Research Experience

Non-equilibrium Self-Assembly

Self-assembly is canonically thought of as an equilibrium process, where the materials order according to energy-minimization. The important role of non-equilibrium effects is becoming increasingly clear: self-assembly is influenced by kinetic trapping, metastable states, coexisting phases, and process-history dependent order. While this is often viewed as a nuisance (kinetics limiting the quality of order that one can easily achieve), it is also possible to exploit these non-equilibrium effects to control order-formation in self-assembly.

I am working on a suite of methods to control the ordering of block-copolymer thin films, exploiting non-equilibrium effects. For instance, I demonstrated how extreme thermal gradients, generated using photothermal methods, can enhance grain coarsening kinetics, and allow the morphology to be aligned. Moreover, these methods allow one to probe the complex pathway-dependent ordering histories of block-copolymers. More generally, I am interested in demonstrating how contrived arrangements of block-copolymer materials (e.g. layering) can be used to induce the formation of morphologies that do not appear in the native (bulk equilibrium) phase diagram.

Templated Self-Assembly (Postdoctoral Research)

I worked as a postdoctoral guest researcher at NIST, on problems in templated and directed self-assembly. In particular, I studied how model self-assembling systems (especially block-copolymers) can be influenced by a variety of directing forces, such as topographical templates, rough interfaces, and thermal fields. For instance, I showed that robust biasing of the self-assembly process can be achieved using simple nanoparticle-treated substrates, since these inherently rough surfaces drastically alter the self-assembly energy landscape.

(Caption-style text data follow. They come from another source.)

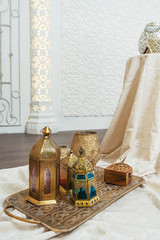 Oriental bronze lanterns on a gold carved tray interior details. Metal lanterns candle holders in...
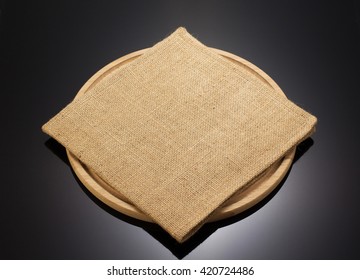 Sack Burlap Napkin At Cutting Board Black Background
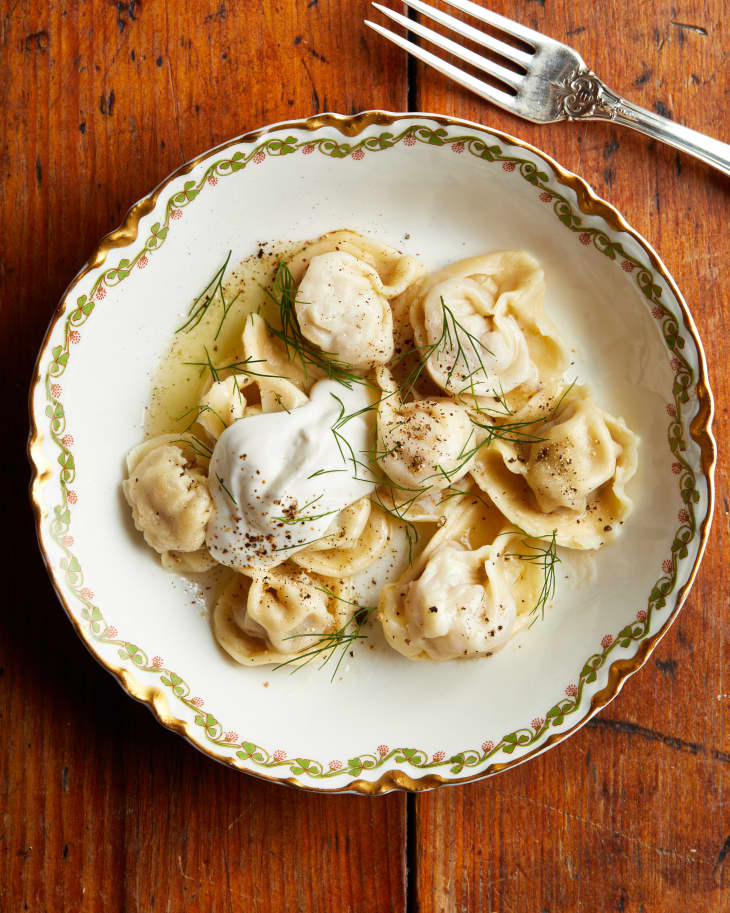 A bowl of pelmenis sit on a wood table.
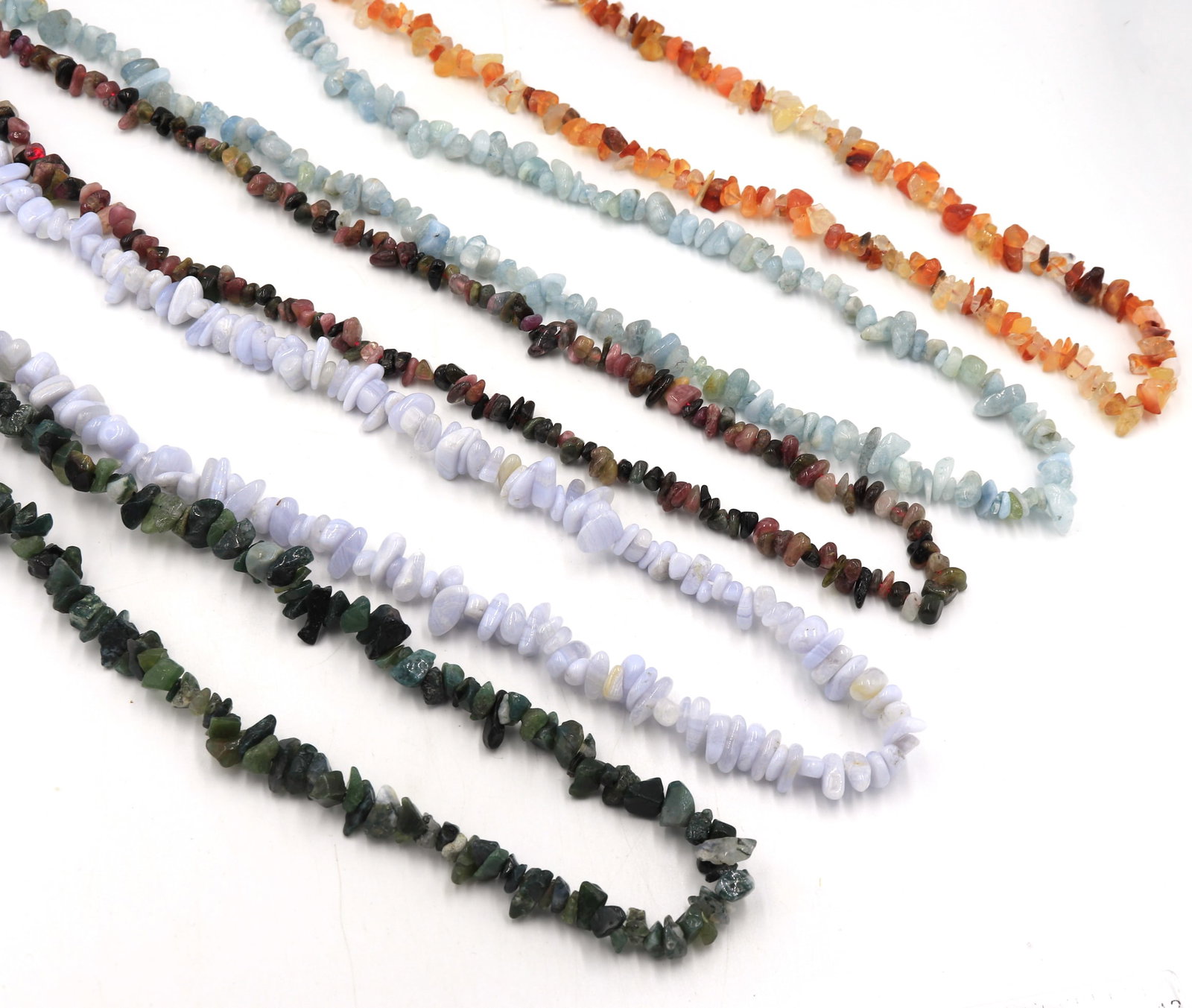 Group lot of multi colored chip stone necklaces: Group lot of multi colored chip stone 34 inches necklaces. Total weight of lot is 320.4 grams.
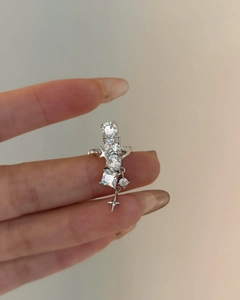 Detail shot of a silver star ear cuff featuring geometric sparkling zircons.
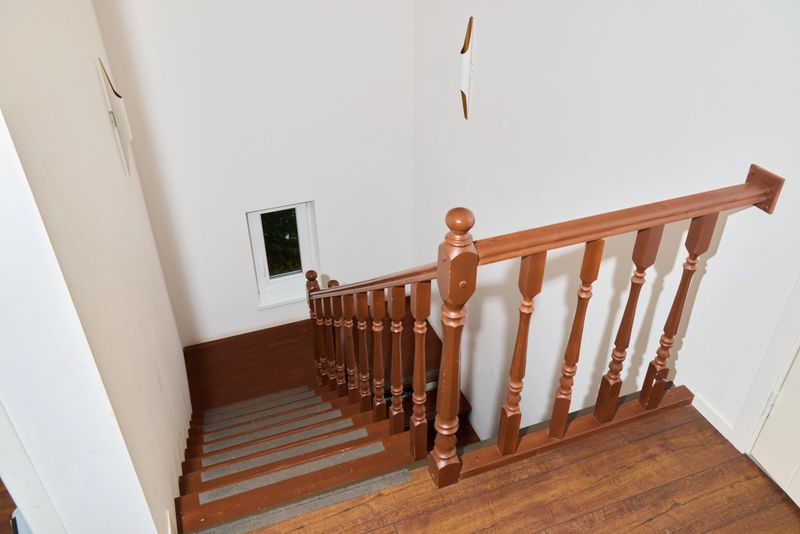A beautifully crafted wooden staircase elegantly ascends to a welcoming upper level, enhanced by crisp white walls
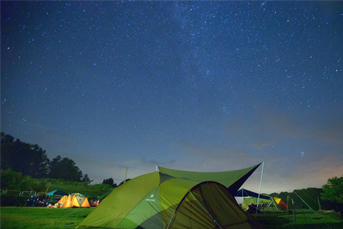 キャンプ場にテントが張られていて、空には満点の星空が広がっている景色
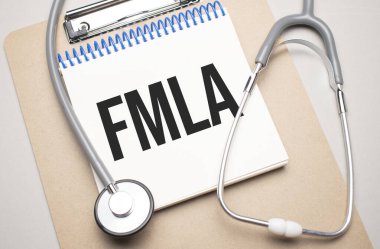 White notepad with the words fmla and a stethoscope on a blue background. Medical concept clipart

Integral to my work at NIST was the development of measurement techniques and methodologies for characterizing nanostructures. In particular we identified through industrial partners that knowledge of the orientational distribution of structures is a crucial parameter for serious use of self-assembly. For instance, alignment of block-copolymer cylinders can be used as a mask for subsequent etching, enabling production of extremely small-scale devices. The angular distribution of the cylinder axes plays a critical role in determining the quality of any pattern transfer, yet many techniques (e.g. AFM) can only probe the surface order. I thus been developed scattering techniques (rotational SANS, GISAXS, off-specular reflectivity, etc.) in order to quantitatively determine the orientational order in these systems.

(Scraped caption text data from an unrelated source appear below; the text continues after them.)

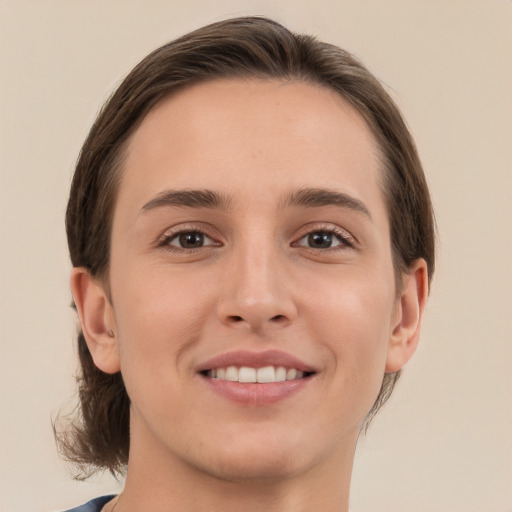 Joyful white young-adult female with medium  brown hair and brown eyes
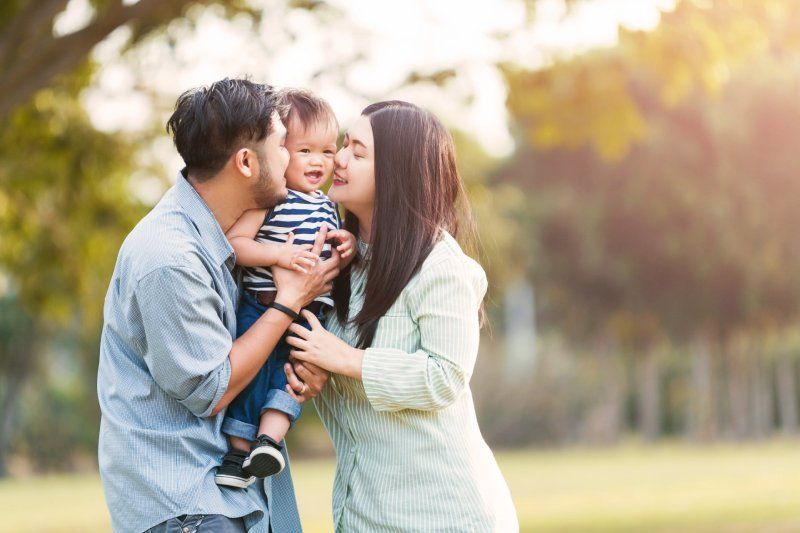 couple kissing their baby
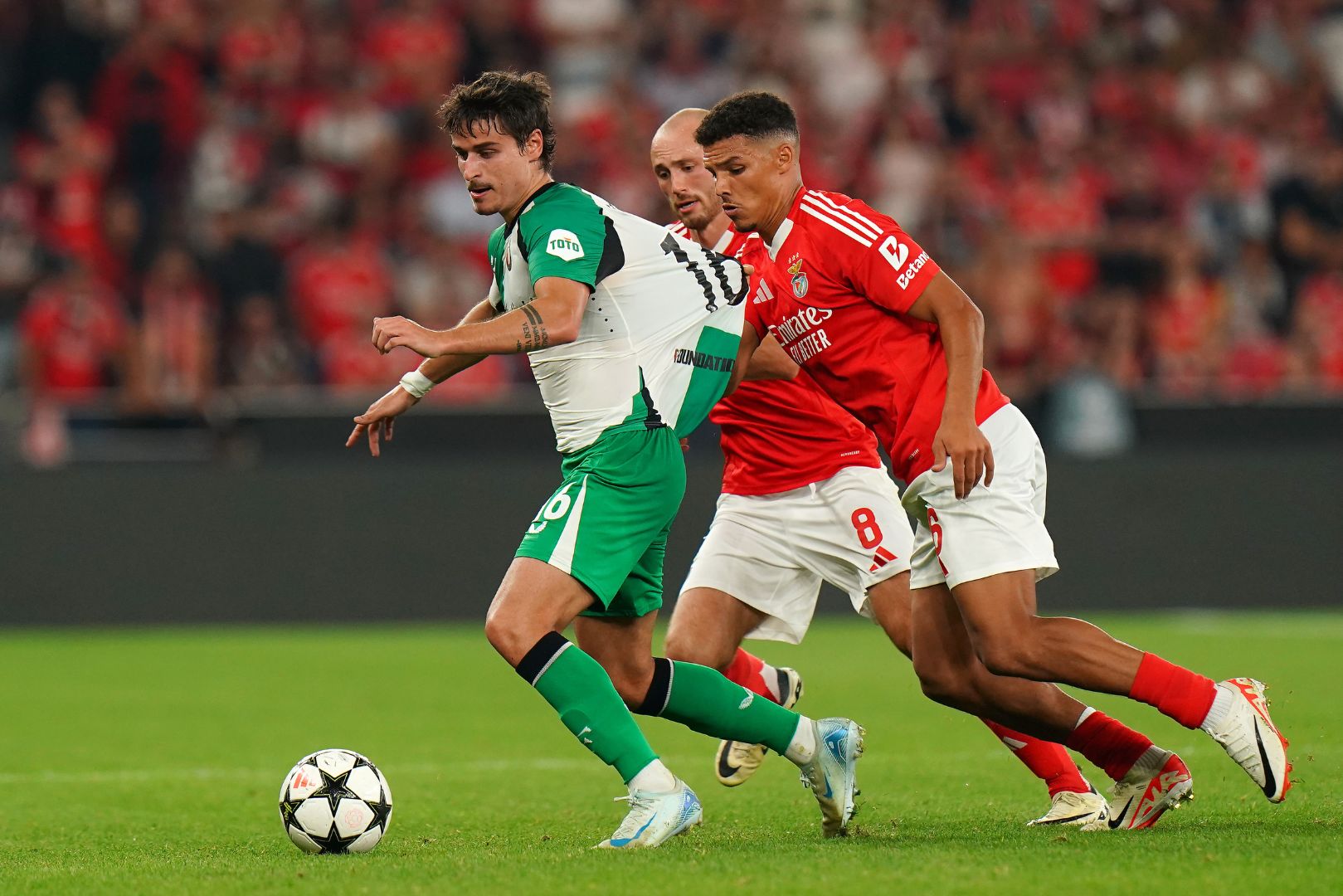 LISBON, PORTUGAL - OCTOBER 23: Hugo Bueno of Feyenoord is challenged by Alexander Bah of S.L Benfica during the UEFA Champions League 2024/25 League Phase MD3 match between SL Benfica and Feyenoord at Estadio do SL Benfica on October 23, 2024 in Lisbon, Portugal.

This work generated considerable interest in the materials science and scattering communities. My research was highlighted in a NIST press release. After presenting at the American Physical Society in New Orleans, our work was highlighted in APS News (May 2008), and in an issue of Nanomaterials News (Vol 4, issue 4, 22 April 2008). We presented the details of our scattering work at the American Conference on Neutron Scattering in Santa Fe, where Robert Briber (U. Maryland) highlighting our work on rotational SANS in the plenary lecture. My talk was also selected for a writeup for the meeting summary. This work was recognized by the NIST Materials Laboratory with the prestigious Associate Award, given to guest researchers who have made a substantial individual contribution to NIST's scientific mission. Our related work on how stress can control block-copolymer morphology was highlighted in an issue of C&E News.

Photoresponsive Polymers (Ph.D. Research)

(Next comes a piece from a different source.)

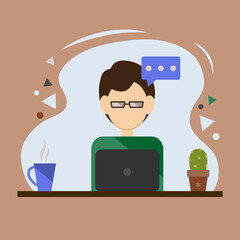 A young man with a laptop is sitting at a table.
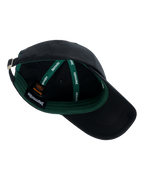 Black cap with green interior and visible Jägermeister brand logo.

My Ph.D. work at McGill University focused on the peculiar all-optical patterning known to occur in the azobenzene-polymer system. In 1995, it was discovered that the free surface of azo-polymer thin films would spontaneously deform in response to light gradients. In essence, the material is forming a surface hologram that reproduces any impinging light pattern. This single-step, all-optical patterning/lithography is fast, efficient, and indefinitely stable at room temperature. Multiple holograms can be superimposed, and in fact the features can be thermally erased. Thus the process is stable yet reversible when required. The fundamental mechanism of this process was not understood, and my Ph.D. was largely geared towards solving this question.

I first wrote a cellular automata computer model to analyze the temperature distribution during laser inscription. This work allowed me to exclude thermal models as possible explanations for the mass-transport phenomenon. I also measured the thermal erasure of photo-induced surface features, using a variety of techniques from combinatorial material science. These experiments showed conclusively that the mass-transport requires coordinated polymer motion over long length-scales (~150 nm) and not merely molecular diffusion. Finally, neutron reflectivity studies were used to identify photo-mechanical effects in this system. It was found that light can be used to photo-expand and photo-contract the azo material. These photo-mechanical effects appear to be the origin for the unique mass transport.